To understand the complex dynamics this quote reveals, Erving Goffman’s (1990) concept of “impression management” is useful: we can conceive of Milad and Hushang as actors in a performance of self that was destined at each other. Other Iranian friends and acquaintances, as, for example, Yara and Hossein, sustained the impressions each one created of himself. Within these dynamics, Hushang tried to generate capital building on his actual Germany-specific cultural resources, while creating a fiction of having social capital in German contexts he actually lacked, because, as we saw earlier, he was not close with his German colleagues. Significantly, Hushang once told me

Iranians learnt how to adapt throughout the history of the region. So, they do it here [in Germany] too. But this often is only superficial. In work and everyday life, one gets along with Germans, but in private that’s often different. Here, people treasure Iranian ways, but often Iranians don’t want others to know or find out. (Field notes, April 2013)

Importantly, by “others” Hushang meant not only Germans but also people he categorized as Iranians. Thus, some of the Germany-specific resources Hushang had put forward and Milad had acknowledged as capital were not actually at his disposition. In the previously quoted discussion, I unwittingly created a disruption to Hushang’s performance: in his absence, I offered insights into its “backstage”, revealing his difficulties to generate capital in German contexts.

Correspondingly, Milad was truly surprised, inquired on the validity of his Germany-specific cultural resources (language skills), and revealed a part of Hushang’s impression management he had sustained so far, namely the fact that he came to Germany as an asylum seeker. As he gained a greater insight into Hushang’s backstage, he probably felt betrayed in his trust, because he contrasted Hushang with Zian’s honesty, and thus greater trustworthiness. This also explains why Milad withdrew from his commitment to this performance and told me Hushang’s “secret”. In leaving out this episode of his life in our conversations, Hushang probably tried to suspend this categorization, as he had often experienced it as a reason for exclusion (Goffman 1963, 54ff.).

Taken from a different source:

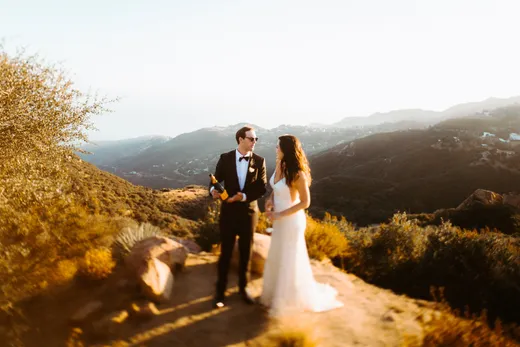 Bride and groom opening champagne on a Topanga Canyon trail at sunset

For his part, Milad also tried to manage the image Hushang (and other Iranians) had of him: in refusing professional collaborations with local Iranian film professionals, and building on resources he had created in Iran, he tried to sustain the image of himself as a successful producer. At first, I think that Milad was not completely aware of, and later tried to hide the fact that he was an even newer newcomer to the social fields of German and transnational Iranian film professionals than Zian. Once, Milad and I went to the Imam Ali mosque together, where we met an Iranian who told us boldly that he had lived in many different countries before settling in Sweden. He must have recognized Milad as a recent migrant from his way of speaking Persian and his clothes, and asked whether he was in a different country before, or came to Hamburg directly. To try to create Western-specific capital, that is, in this case capital other than Iran-specific, Milad explained that he had been in Turkey before, although this was only a two-month sojourn. As he tried to hide his unfamiliarity with Germany, he emphasized his independence and failed to convey collaboration, which, as we saw earlier, created barriers to his capital creation in his relation with Hushang.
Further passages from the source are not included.